Galen Strawson against Narrativity



In his paper “Against Narrativity” (in Real Materialism and Other Essays, Oxford: Clarendon Press 2008), Galen Strawson attacks two common views: the descriptive claim that we typically experience our life as some kind of narrative or story (aka the ‘psychological Narrativity thesis’) and the related, but logically independent normative claim that a truly good human life requires such a narrative outlook (aka the ‘ethical Narrativity thesis’). Both claims, Strawson holds, are actually false because there are in fact “deeply non-Narrative people and there are good ways to live that are deeply non-Narrative.”

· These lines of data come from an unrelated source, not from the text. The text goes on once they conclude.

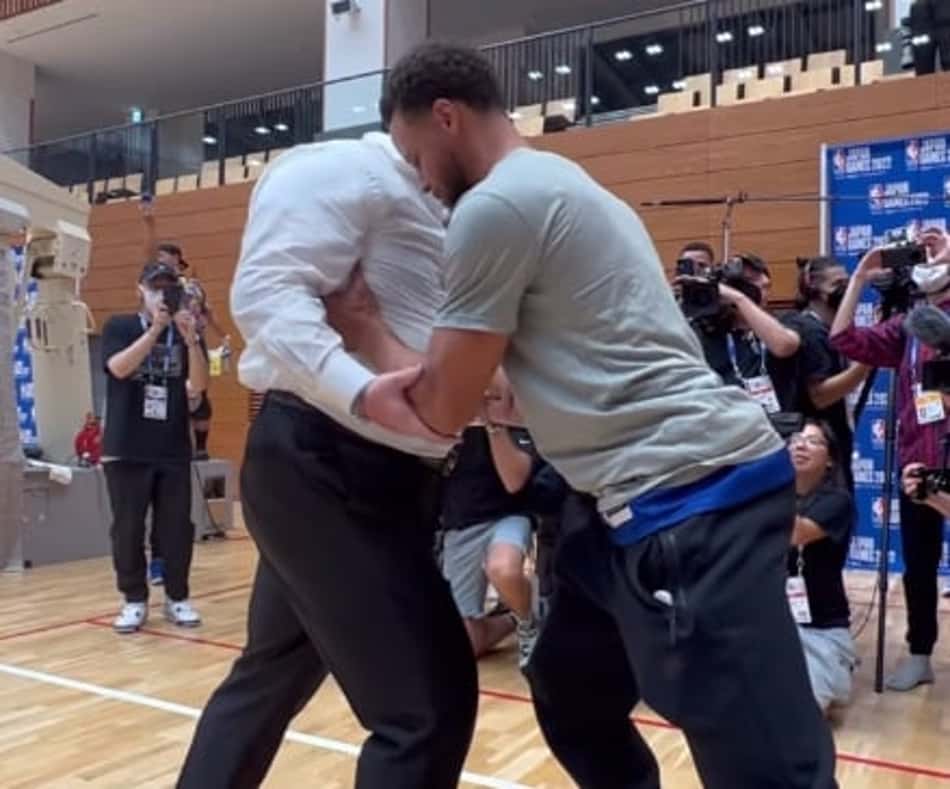 VÍDEO: Stephen Curry e Klay Thompson lutam sumô com lenda do esporte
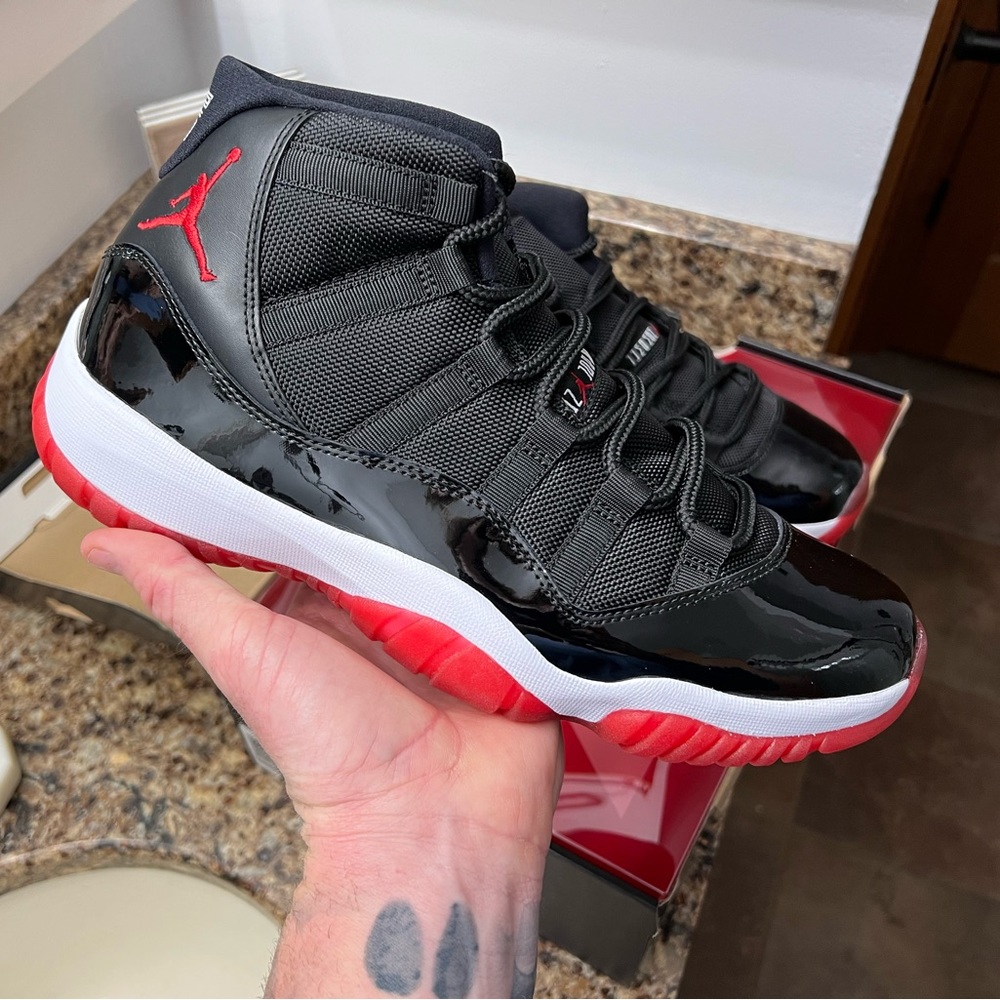 NWT Air Jordan 11 Playoffs 2012 Size 10 NEW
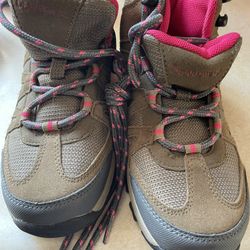 Girls Hiking Boots Size 3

According to Strawson, there are two types of people, those who experience their self as being extended in time and those who do not. Both are perfectly normal, and both can equally flourish as human beings. The former simply have a diachronic self-experience, and the latter an episodic one. Those with diachronic self-experience (the ‘diachronics’) falsely believe that everybody is like them, while in fact some (perhaps many) are not. As it happens, they are also mistaken about the true nature of the self. ‘Episodics’ have a better grasp of what the self actually, “as a matter of metaphysical fact”, is, namely something momentary, which is always just beginning (and presumably also always about to end). Obviously, episodics do not experience their life as a story (because in order to experience your life as a story, you need to experience your self as being extended over time). Only diachronics (though not necessarily all of them) do. How, then, do episodics experience their life?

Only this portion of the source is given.